┏━━
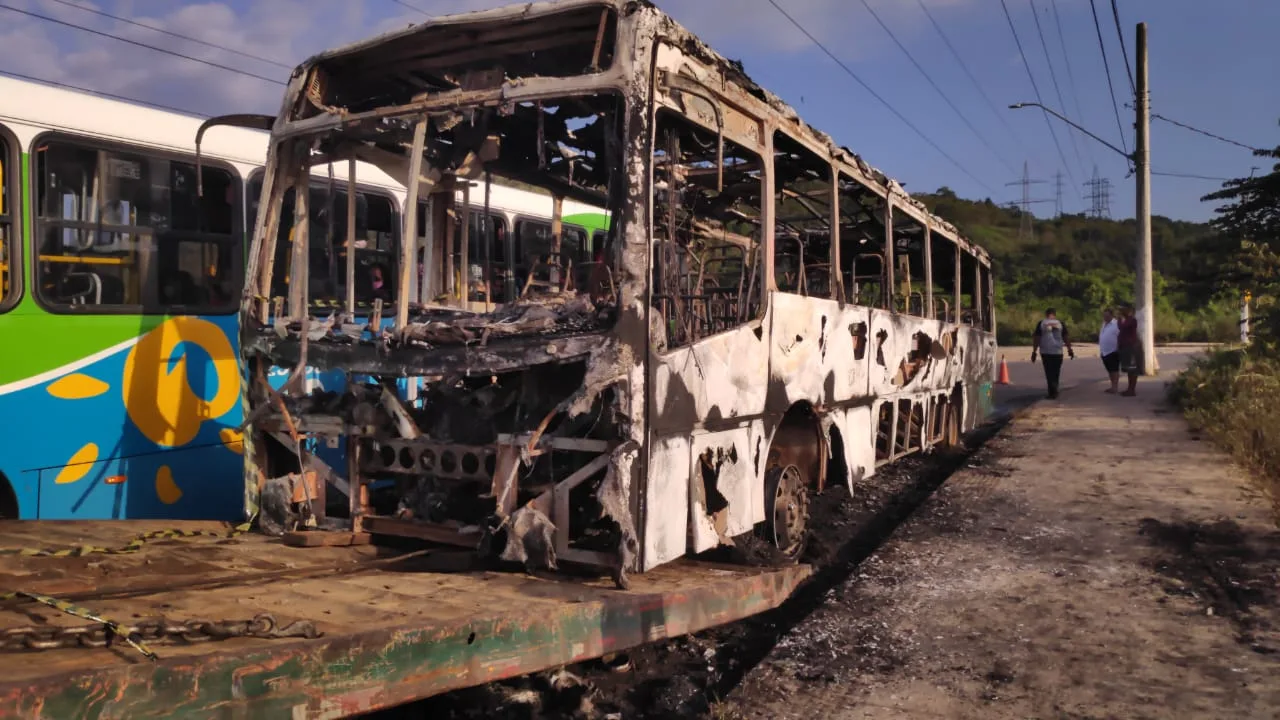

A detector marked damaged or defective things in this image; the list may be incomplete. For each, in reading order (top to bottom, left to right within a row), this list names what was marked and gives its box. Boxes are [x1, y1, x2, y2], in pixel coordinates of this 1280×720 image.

burnt bus window frame [0, 122, 19, 311]
burnt bus window frame [29, 131, 244, 313]
burnt bus window frame [249, 170, 404, 313]
burnt bus interior [230, 0, 988, 584]
burned bus [230, 0, 998, 589]
charred bus frame [230, 0, 998, 589]
rusted bus chassis [238, 0, 998, 586]
burnt bus roof [288, 0, 988, 265]
burnt debris on ground [368, 412, 1008, 712]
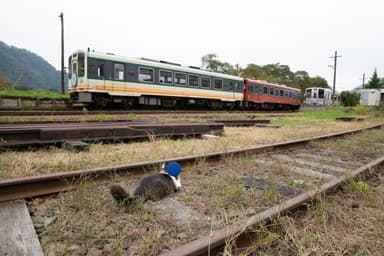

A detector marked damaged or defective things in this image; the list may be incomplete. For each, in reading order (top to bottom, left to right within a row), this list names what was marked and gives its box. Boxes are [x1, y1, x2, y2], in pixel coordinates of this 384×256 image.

rusty railway track [1, 123, 382, 255]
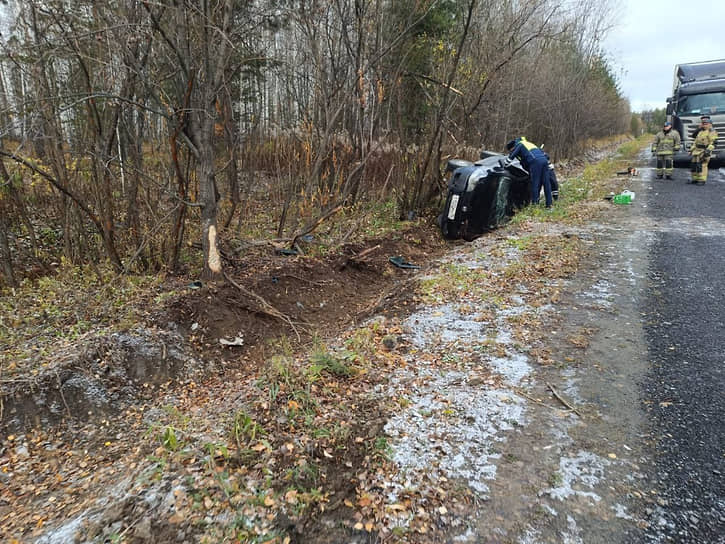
┗━━
YOUR GOAL:
Excluding the pictures, transcribe all of the entries exactly.

COMPLETED EXERCISE:
A detector marked damaged or defective things in this image; the list may be incomplete. For each, in reading order (top to bottom, left to right within a row), this list names what was marked and gives its box. Boxes are [x1, y1, x2, y2], in pixel coordinates of this 1280×720 image.

burnt bus window frame [0, 122, 19, 311]
burnt bus window frame [29, 131, 244, 313]
burnt bus window frame [249, 170, 404, 313]
burnt bus interior [230, 0, 988, 584]
burned bus [230, 0, 998, 589]
charred bus frame [230, 0, 998, 589]
rusted bus chassis [238, 0, 998, 586]
burnt bus roof [288, 0, 988, 265]
burnt debris on ground [368, 412, 1008, 712]

A detector marked damaged or defective things in this image; the list may be incomplete. For each, in reading order (top to bottom, left to right within a row), this list names what was marked and gives its box. Boxes are [x1, y1, x2, y2], in pixel coordinates of this 384×256 image.

rusty railway track [1, 123, 382, 255]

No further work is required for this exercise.